Activity:
Between the line containing "Damascus Steel Folding" and the line containing "Email Design Inspiration" lies a run of lines; give that run again exactly, with both of those lines, and nothing else from the entries below.

Records from a data collection:

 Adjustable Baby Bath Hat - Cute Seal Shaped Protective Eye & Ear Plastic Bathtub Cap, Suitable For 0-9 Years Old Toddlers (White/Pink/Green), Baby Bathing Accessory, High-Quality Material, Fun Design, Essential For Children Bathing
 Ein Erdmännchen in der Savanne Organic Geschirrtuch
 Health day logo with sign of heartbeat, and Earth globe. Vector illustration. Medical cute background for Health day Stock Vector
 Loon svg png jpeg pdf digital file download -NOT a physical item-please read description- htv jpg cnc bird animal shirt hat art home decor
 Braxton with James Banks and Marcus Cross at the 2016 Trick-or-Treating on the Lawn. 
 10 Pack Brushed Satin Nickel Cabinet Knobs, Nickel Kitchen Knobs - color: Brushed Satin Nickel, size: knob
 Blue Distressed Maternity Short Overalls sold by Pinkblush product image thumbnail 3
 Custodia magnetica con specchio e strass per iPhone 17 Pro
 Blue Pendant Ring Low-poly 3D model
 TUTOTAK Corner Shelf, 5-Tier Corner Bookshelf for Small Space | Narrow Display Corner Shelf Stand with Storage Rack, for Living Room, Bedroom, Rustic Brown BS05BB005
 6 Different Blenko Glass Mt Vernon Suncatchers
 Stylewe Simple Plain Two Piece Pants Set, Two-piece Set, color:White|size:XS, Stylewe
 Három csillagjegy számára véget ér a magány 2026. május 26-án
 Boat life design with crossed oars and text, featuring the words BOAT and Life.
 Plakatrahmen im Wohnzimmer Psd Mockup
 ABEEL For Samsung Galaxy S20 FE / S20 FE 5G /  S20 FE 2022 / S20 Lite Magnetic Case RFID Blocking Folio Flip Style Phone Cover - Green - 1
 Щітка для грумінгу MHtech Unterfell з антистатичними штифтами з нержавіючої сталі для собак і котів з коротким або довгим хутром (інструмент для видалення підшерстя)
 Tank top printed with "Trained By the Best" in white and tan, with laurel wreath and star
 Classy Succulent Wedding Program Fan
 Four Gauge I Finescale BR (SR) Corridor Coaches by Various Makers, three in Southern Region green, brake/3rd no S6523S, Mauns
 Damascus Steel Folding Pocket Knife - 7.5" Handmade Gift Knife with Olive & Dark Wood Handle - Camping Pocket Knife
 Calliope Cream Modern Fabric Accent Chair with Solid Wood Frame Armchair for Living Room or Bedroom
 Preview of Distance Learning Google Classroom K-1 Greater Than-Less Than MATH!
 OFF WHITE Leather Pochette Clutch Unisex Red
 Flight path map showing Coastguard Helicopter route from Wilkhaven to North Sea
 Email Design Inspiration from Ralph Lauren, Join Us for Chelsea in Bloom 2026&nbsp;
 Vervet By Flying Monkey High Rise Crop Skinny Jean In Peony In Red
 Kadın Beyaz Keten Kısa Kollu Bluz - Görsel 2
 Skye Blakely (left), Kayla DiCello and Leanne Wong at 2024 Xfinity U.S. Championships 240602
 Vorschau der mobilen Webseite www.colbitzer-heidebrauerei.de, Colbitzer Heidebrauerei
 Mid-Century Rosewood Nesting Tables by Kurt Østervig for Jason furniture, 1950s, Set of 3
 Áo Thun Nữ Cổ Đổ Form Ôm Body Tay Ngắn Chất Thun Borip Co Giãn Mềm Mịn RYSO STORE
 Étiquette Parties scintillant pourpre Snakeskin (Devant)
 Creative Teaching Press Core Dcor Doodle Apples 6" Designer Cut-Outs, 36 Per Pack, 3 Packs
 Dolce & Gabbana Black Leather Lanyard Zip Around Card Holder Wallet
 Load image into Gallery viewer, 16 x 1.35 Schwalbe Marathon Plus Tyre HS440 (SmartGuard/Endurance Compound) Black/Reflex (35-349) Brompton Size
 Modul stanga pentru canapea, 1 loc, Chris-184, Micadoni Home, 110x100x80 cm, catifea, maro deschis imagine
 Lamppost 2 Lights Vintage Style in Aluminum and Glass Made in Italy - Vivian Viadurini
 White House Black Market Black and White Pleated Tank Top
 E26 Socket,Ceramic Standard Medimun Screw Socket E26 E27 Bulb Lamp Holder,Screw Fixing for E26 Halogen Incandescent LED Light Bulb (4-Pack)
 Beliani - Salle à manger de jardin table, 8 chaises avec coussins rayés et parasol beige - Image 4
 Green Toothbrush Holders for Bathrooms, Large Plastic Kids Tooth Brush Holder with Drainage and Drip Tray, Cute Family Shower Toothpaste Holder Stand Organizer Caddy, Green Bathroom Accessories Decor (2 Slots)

Reply to the task:
 Damascus Steel Folding Pocket Knife - 7.5" Handmade Gift Knife with Olive & Dark Wood Handle - Camping Pocket Knife
 Calliope Cream Modern Fabric Accent Chair with Solid Wood Frame Armchair for Living Room or Bedroom
 Preview of Distance Learning Google Classroom K-1 Greater Than-Less Than MATH!
 OFF WHITE Leather Pochette Clutch Unisex Red
 Flight path map showing Coastguard Helicopter route from Wilkhaven to North Sea
 Email Design Inspiration from Ralph Lauren, Join Us for Chelsea in Bloom 2026&nbsp;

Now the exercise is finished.